Rafael se sabía de memoria las Églogas, de Garcilaso; el Cántico Espiritual, de San Juan de la Cruz, las Soledades, de Gongora, muchos sonetos de Quevedo y de Villamediana, las Coplas por la muerte de su padre, de Jorge Manrique y laSuave Patria, de López Velarde, entre otros muchos poemas. Le encantaban los concursos de memoria y se nos iban tardes enteras recordando versos amados.

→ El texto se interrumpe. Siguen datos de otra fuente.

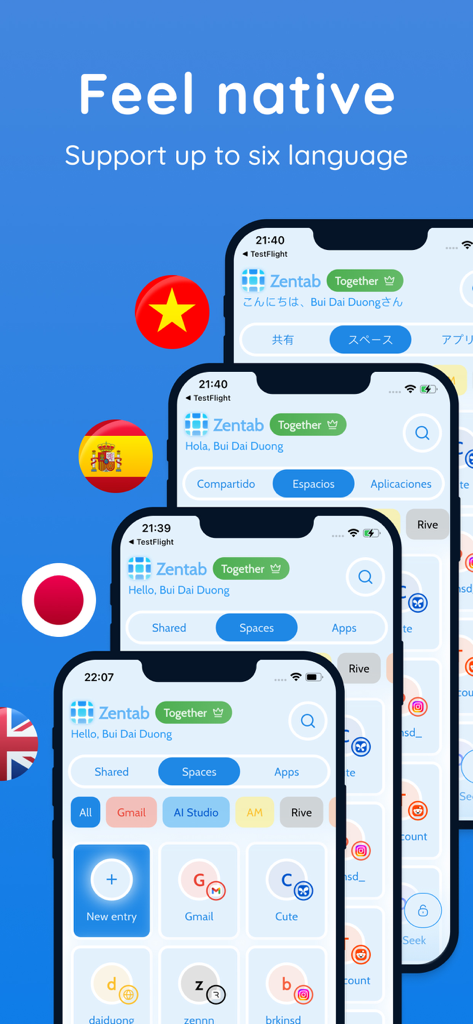 Zentab - Clone App Multi Login - Interfaz de la aplicación Zentab que demuestra el soporte multi-idioma en varias pantallas de iPhone.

Fuimos en caravana a Génova para participar en el congreso de escritores organizado por Miguel Ángel Asturias y por el misterioso jesuita Angelo Arpa. Lo presidió Carlos Pellicer y la discreta estrella del aquelarre fue Juan Rulfo. Visitamos en Rapallo a Ezra Pound y cenamos con Eugenio Montale y con el presuntuoso y gran poeta Salvatore Quasimodo. Ungaretti llegó al final y, como no se meneaba la cola con Quasimodo, se sentó calladito en su rincón y, sólo al término de los actos, nos habló un poco de su aventura brasileña y de su idea de la poesía como el testimonio de nuestras vidas.
Regresé a México y, a los pocos años, nos fuimos a vivir a Madrid y me encontré de nuevo con Alberti. Fuimos a Santander a dar un recital y armamos la tremolina ante los ojos censores de un grupo de notarios que organizaban un curso en la Universidad Menéndez Pelayo. Alberti, senador del Reino (su entrada al Senado llevando del brazo a La Pasionaria pasó a la leyenda cívica), todavía despertaba temores y sospechas a los fachos que poco a poco iban perdiendo fuerza.
Pasó sus últimos años en su tierra, el Puerto de Santa María. Lo vi, vestido de marinerito en tierra, presidiendo el desfile del carnaval. A los pocos meses se fue con los ángeles que tanto celebró en sus poemas más entrañables.